La Commission a rappelé que « les parties prenantes soulignent la nécessité d’une réforme globale pour garantir que la RAI soit mieux protégée contre les risques d’ingérence politique ».
D’autres préoccupations exprimées par les parties prenantes mentionnées par la Commission concernaient le par condicio et la « décision du gouvernement, adoptée avec la loi de finances pour 2024, de réduire la redevance de la RAI et de compenser cette réduction par un financement direct supplémentaire de 430 millions d’euros ».
La situation de la liberté de la presse en Italie a également été pointée du doigt dans le rapport de la MFRR.

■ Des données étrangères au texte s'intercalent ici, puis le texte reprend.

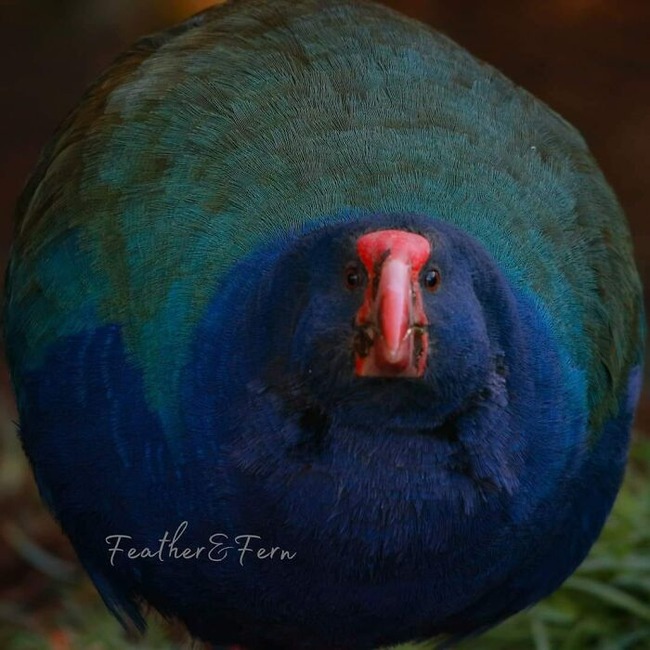 birds-threatening-auras-pics-66978bd0967aa__700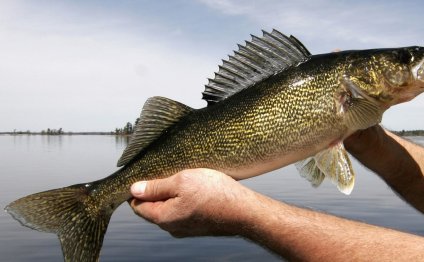 To catch a walleye: 10 tips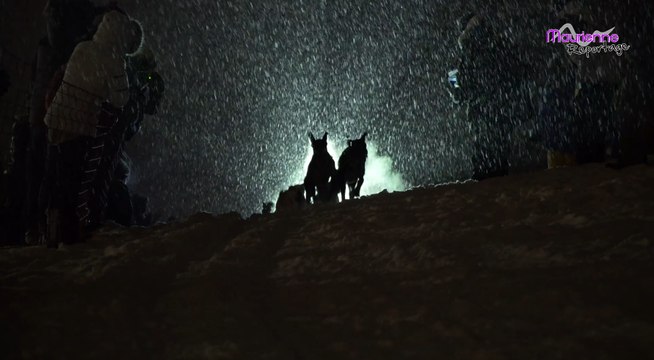 Maurienne Reportage # 110 La Grande Odyssée Savoie Mont Blanc 2018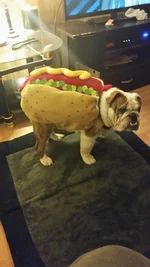 20151031_204949.jpeg_4.webp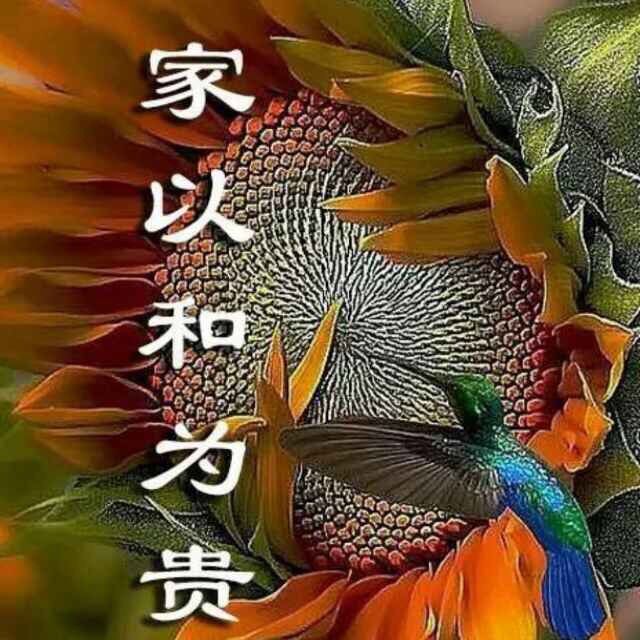讲述了孙悟空(当然不是我们神化中的那个齐天大圣喽)父子和那7颗能满足人们心愿的龙珠,把读者从山村引到城市,从地球引到外星,又从现在引到未来。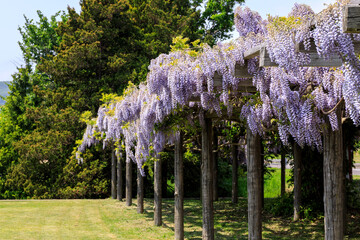 北海道洞爺湖町、洞爺湖畔で見事な花を咲かせる栄藤【6月】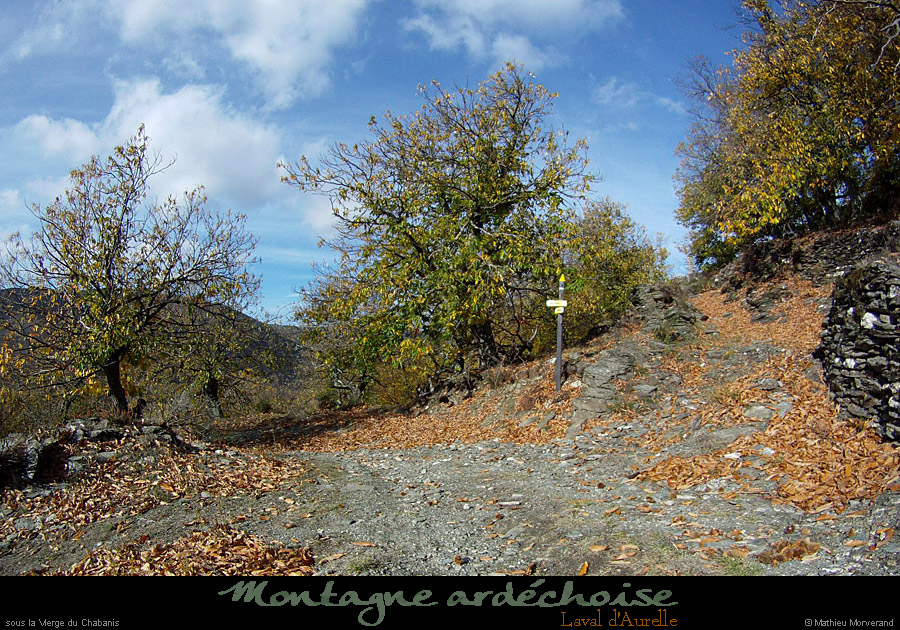 20111030_lavaldaurelle_ssviergeduchabanis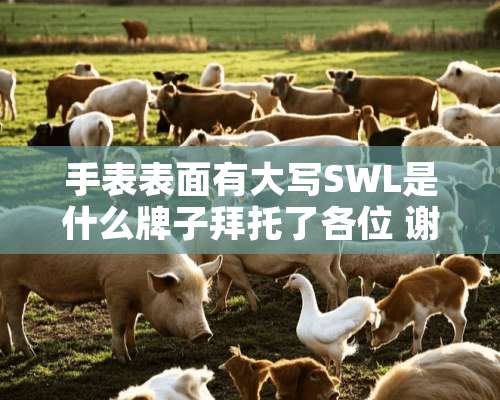 手表表面有大写SWL是什么牌子拜托了各位 谢谢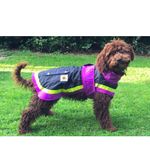Lightweight Waterproof Dog Coat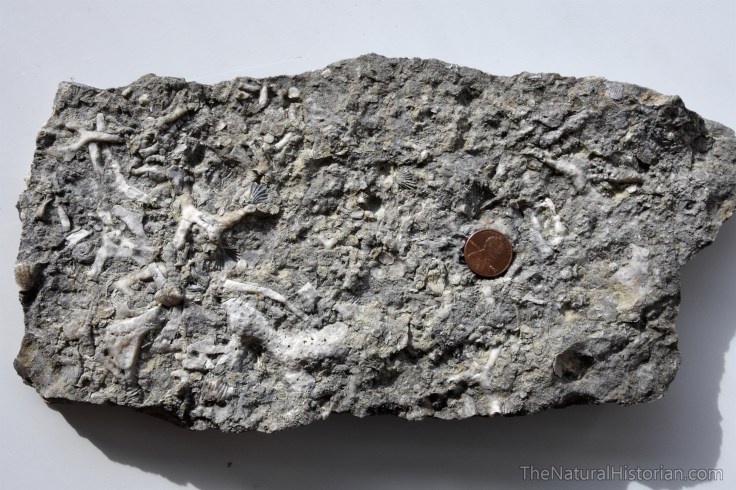 ordovician-fossils-bryozoans-ark-encounter-kentucky-williamstown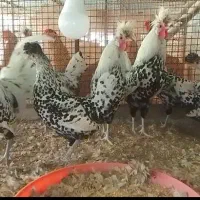 فروش مرغ وخروس زینتی توضیحات خوب بخون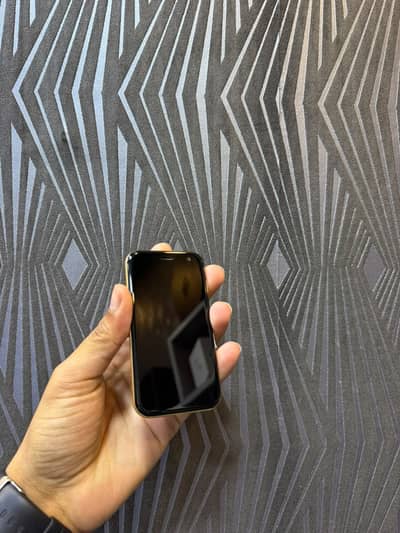 Palm PVG 100 3/32 OFFICIAL PTA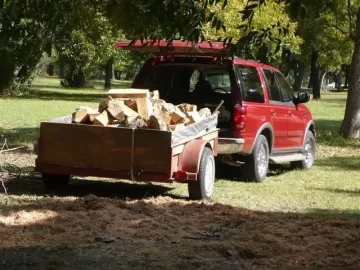 [Hearth.com] City Park with fallen Pecan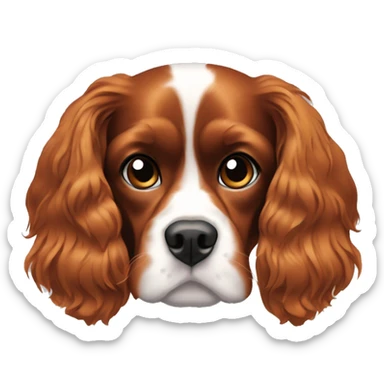 Cavalier King Charles Spaniel black dog with ginger eyebrows sticker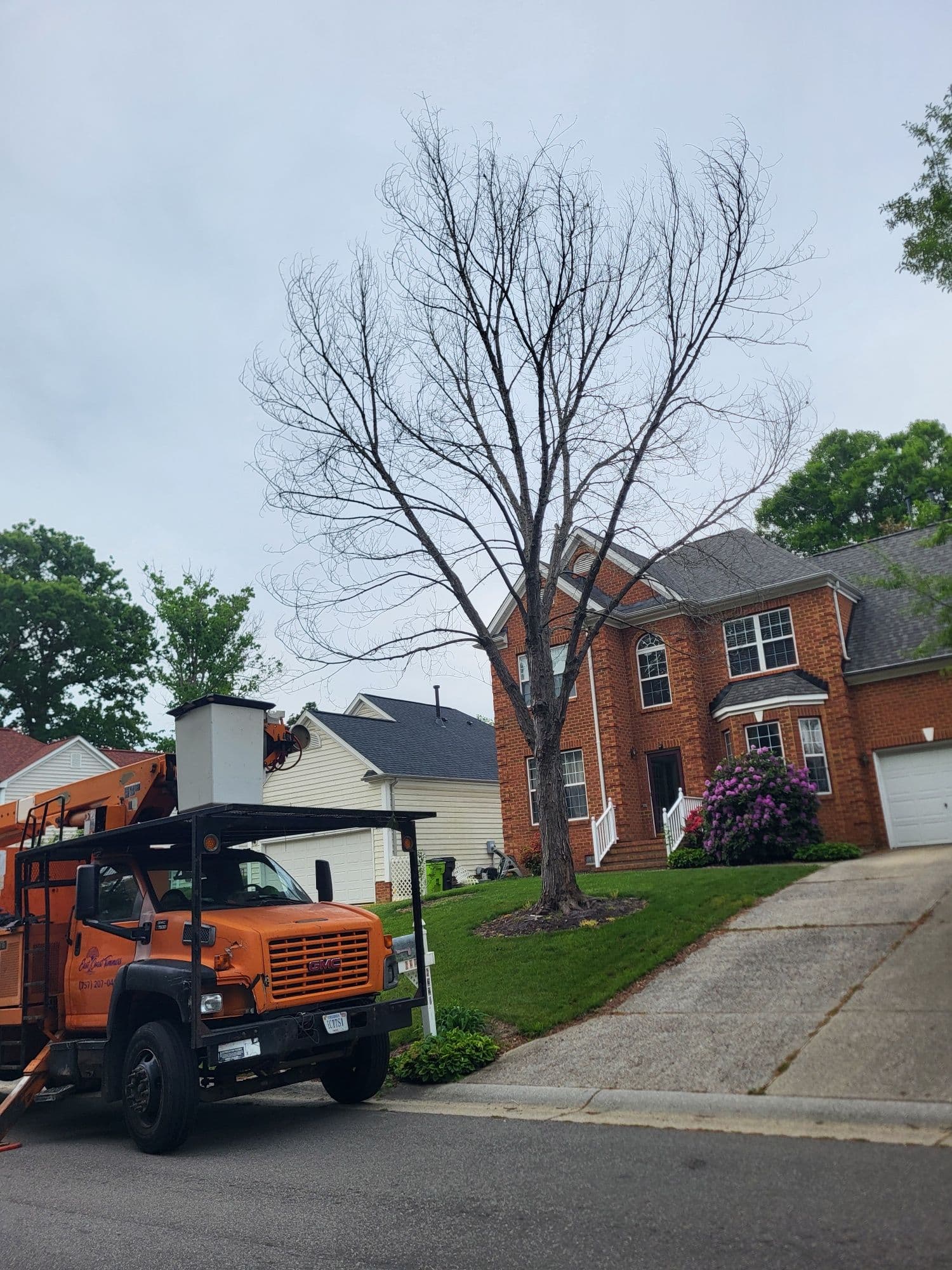 Dead Maple Removal Close to a Home image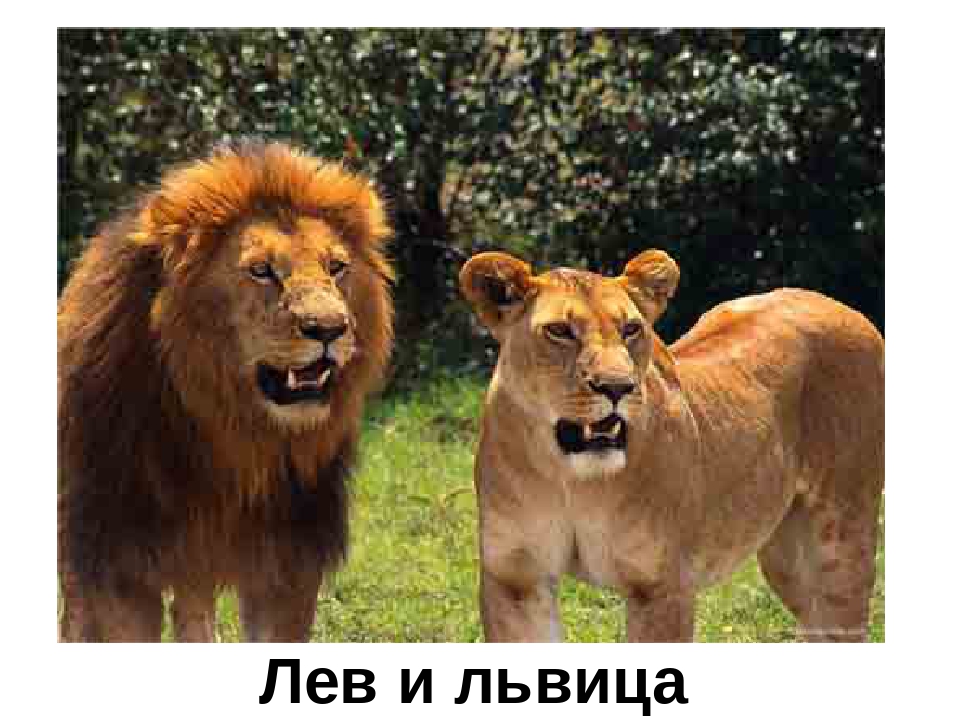 Презентация "Кто в Африке живет"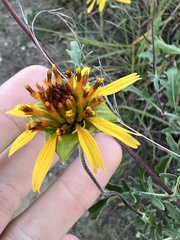 Tetragonotheca texana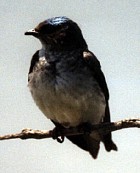 Grey-breasted Martin - Photo copyright Trevor Feltham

Le rapport indique que « depuis que la coalition d’extrême droite dirigée par Giorgia Meloni a pris le pouvoir en octobre 2022, la liberté de la presse a été soumise à une pression croissante, avec des attaques et des violations sans précédent, souvent initiées par des hommes politiques dans le but de marginaliser et de faire taire les opinions divergentes ».
Le rapport de la MFRR révèle également une situation alarmante : d’octobre 2022 à juin 2024, 193 incidents ont été recensés contre des journalistes, contre 75 au cours des 22 mois précédents. Parmi ces incidents, 54 ont été dirigés par des personnalités politiques.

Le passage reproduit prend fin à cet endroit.